[Datto SaaS Protection] Service Interruption Impacting UK Environments
Incident Report for Datto
Update
The maintenance performed on the UK infrastructure has completed successfully. We have expanded capacity and have already seen an immediate increase in throughput. We’ll closely monitor KPIs and other metrics to ensure proper operation. Our next scheduled update will be at the end of Monday. At that time we can provide further guidance on the backlog of services based on several days of data including the weekend.
Posted Dec 02, 2021 - 23:58 UTC
Update
UK update: Earlier today we sent out a maintenance notice for after business hours tomorrow. In that maintenance window we will bring the new infrastructure online and redistribute load to increase throughput in the cluster.

We expect this to make an immediate impact on performance and return the cluster to normal operations. However, it will take some time to work through the backlog of services which has accumulated. Assuming all goes well in the maintenance window, we will observe the performance through the weekend and then on Monday communicate expectations to work through what remains. In general it will be large SharePoint sites and OneDrive that naturally lag. More information to follow on that.
Posted Dec 01, 2021 - 21:58 UTC
Update
We are continuing to work on a fix for this issue.
Posted Nov 29, 2021 - 23:02 UTC
Update
We continue to make progress knocking down the backlog of services for the affected accounts in the UK. However, a large backlog remains which requires the new infrastructure to fully remediate.

We’re continuing the process of bringing the new infrastructure online and carefully distributing the load. We remain on track for the new infrastructure to be online by the end of the week. At that time, we can more rapidly reduce the backlog of services and return to normal operations (including a return to 3 backups per day). Our next planned update is Wednesday.
Posted Nov 29, 2021 - 23:01 UTC
Update
We continue to see steady but slow improvement for the affected accounts in the UK.

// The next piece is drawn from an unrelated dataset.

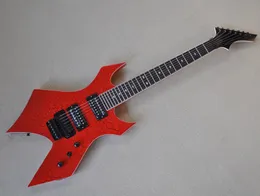 Special Shape 7 Strings Electric Guitar with Black Hardware Tremolo Bridge can be customized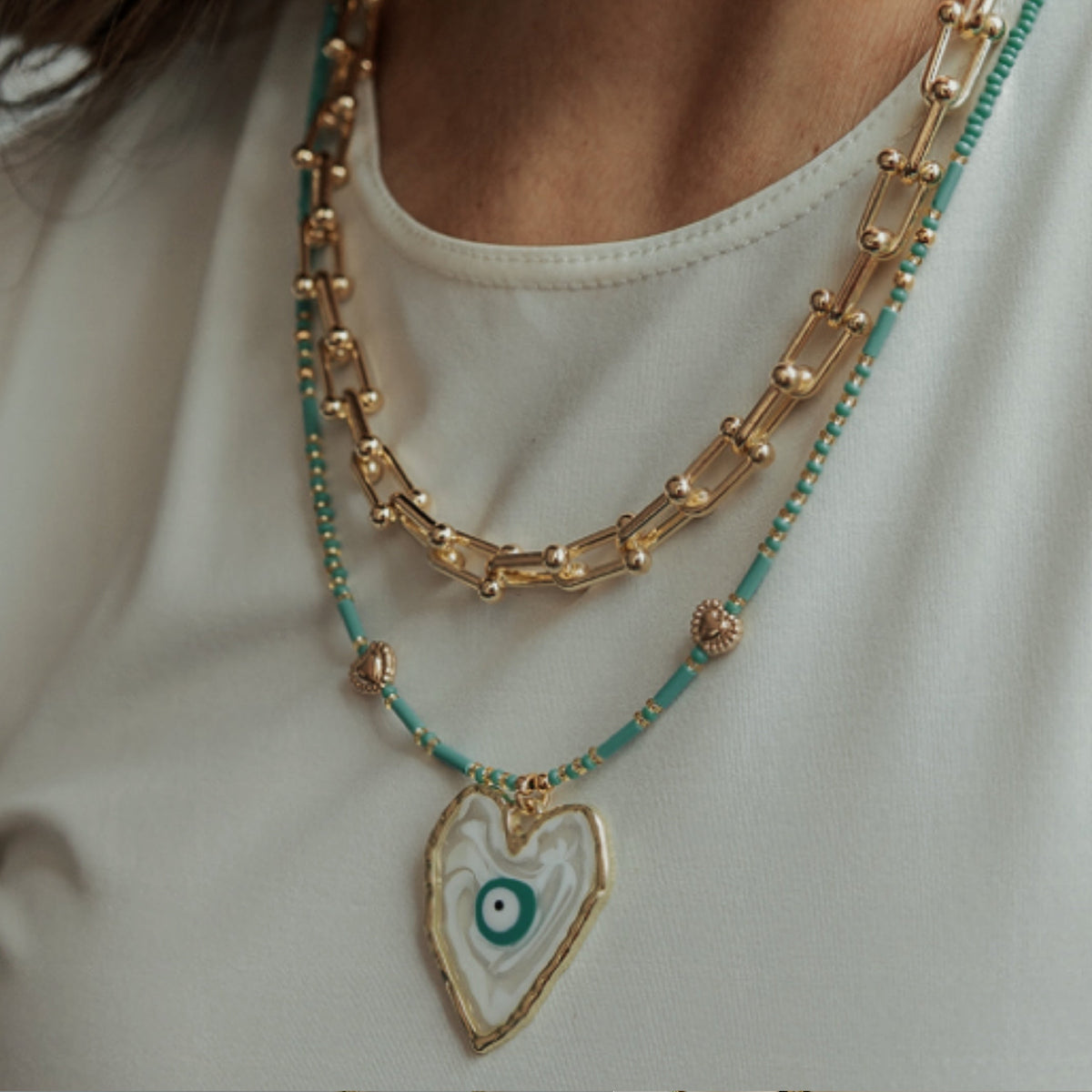 Collier Turquesa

The new infrastructure is on site and going through our standard onboarding process. We remain on track to remediate the current situation by the end of next week.

We’ll provide another update by the end of day on Monday along with some additional info early next week on what to expect as we near full remediation of the current situation.
Posted Nov 26, 2021 - 16:11 UTC
Update
Backup success rates were temporarily disrupted by the unrelated incident communicated earlier today. In general, we continue to see steady but slow improvement in the UK. We are on track with the previously communicated timeline of bringing new infrastructure online to remediate the current situation by the end of next week. We’ll provide more info as we get closer.

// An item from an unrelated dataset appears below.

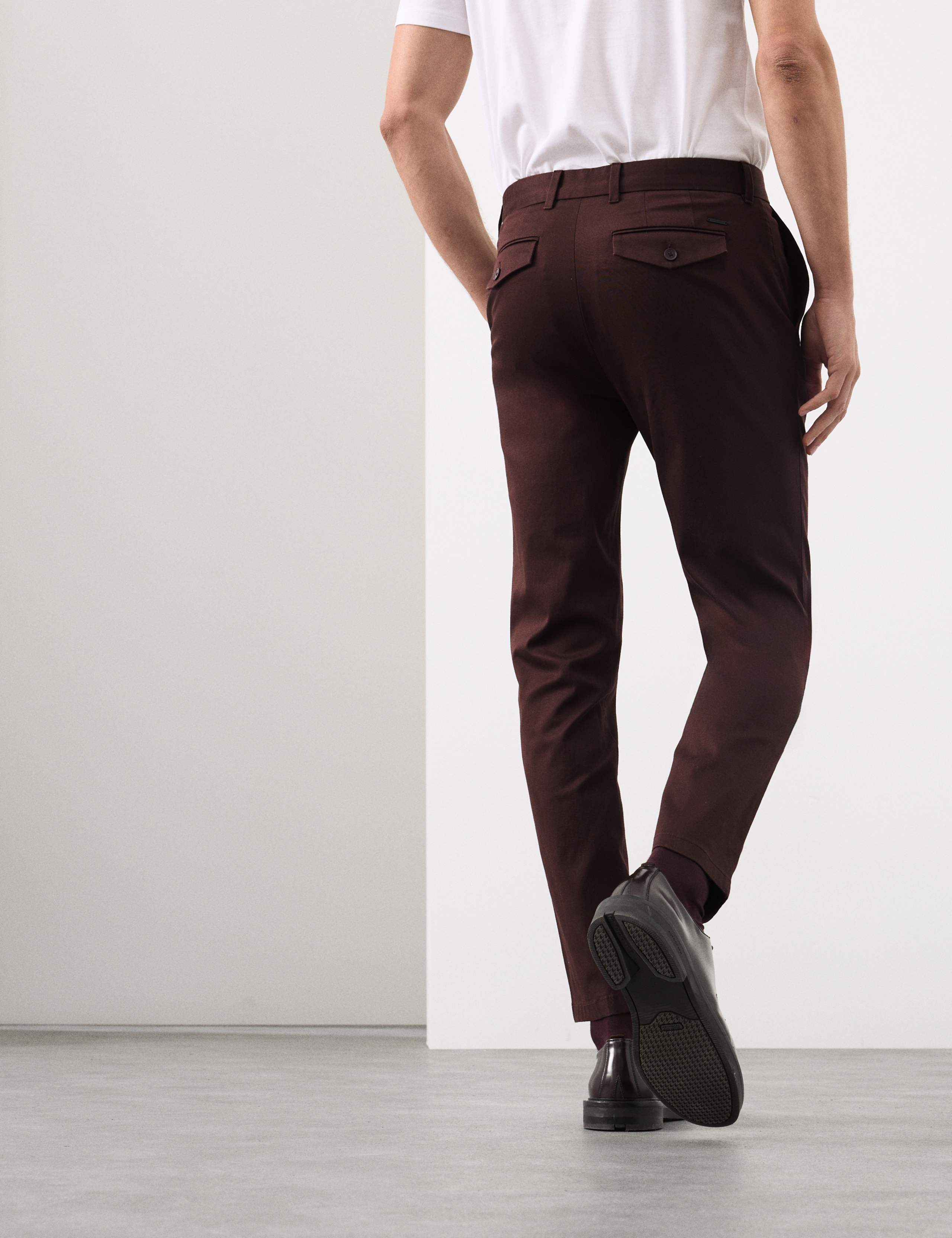 Slim Fit Cotton Rich Stretch Trousers 4 of 5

We’ll continue to post updates at least every 2 business days. If there’s anything worthy of an interim update we will be sure to provide that.
Posted Nov 24, 2021 - 20:02 UTC
Update
We are continuing to closely monitor backup success rates and ingest rates in the UK. The last 24 hour backup success rates are right around 99.5%. The changes implemented late last week have had a positive effect on the rate of ingest. The ingest backlog is being steadily reduced. However, there remains a large backlog to work through.

We have additional infrastructure scheduled to be brought online by the end of next week. We expect to return to normal operations within a few days of that new infrastructure.
Posted Nov 22, 2021 - 22:43 UTC
Update
We are continuing to closely monitor backup success rates and ingest rates in the UK. Last week a change was deployed addressing a long-standing Microsoft API issue which unlocked a large number of SharePoint backups. This temporarily saturated our Azure peering links and caused other backups to lag behind.

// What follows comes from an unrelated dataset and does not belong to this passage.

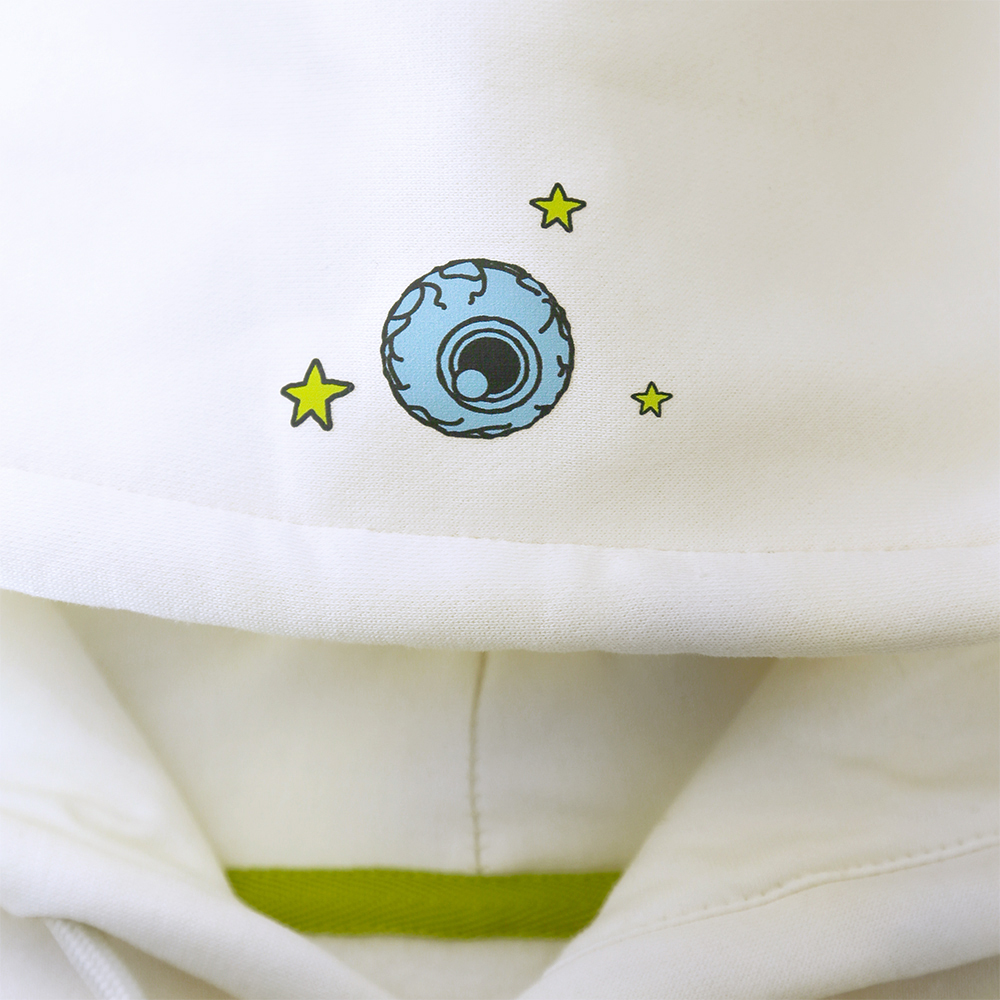 Rick and Morty Hoodie, Off-White, L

We’ve since addressed the networking issue. However, it created a large backlog of new services along with some incremental backups that were missed.

We are iteratively making application changes to increase the throughput of backups. One of the changes we made today is to temporarily reduce backups from 3x/day to 2x/day. This will provide additional backup slots to make progress on the backlog. Again, this is temporary and will revert back as soon we return to normal operations.

Ultimately we need additional infrastructure to permanently resolve the issues. We brought some new infrastructure online today and have more resources already en route to the UK which will come online within the next 2 weeks.

Please know we are treating this with the highest priority.

We’ll continue to post regular updates. If you have any specific questions please open a ticket with Datto Support.
Posted Nov 18, 2021 - 23:11 UTC
Update
Several configuration changes have been made to increase the number of concurrent Exchange backup runs. Exchange backup success rates are improving although it may be several days before the backlog is eliminated and for backup reports to reflect the improving state. In particular, new customer ingest will be delayed since general priority is given to existing incremental backups. We expect normal operations by the end of the week. If you have a specific concern, please raise a support ticket.
Posted Nov 16, 2021 - 21:35 UTC
Identified
The issue has been identified and a fix is being implemented.
Posted Nov 15, 2021 - 13:59 UTC
Investigating
We are currently aware of a problem where environments in the UK are experiencing decreased backup success rates and slow ingest speeds.

Our Engineering team is currently investigating this issue.

Currently, we do not have an ETA on when a fix will be available.

You can monitor the current status of this issue at https://status.datto.com/
Posted Nov 12, 2021 - 20:21 UTC
This incident affects: Datto SaaS Protection and Backupify (Backupify Backups).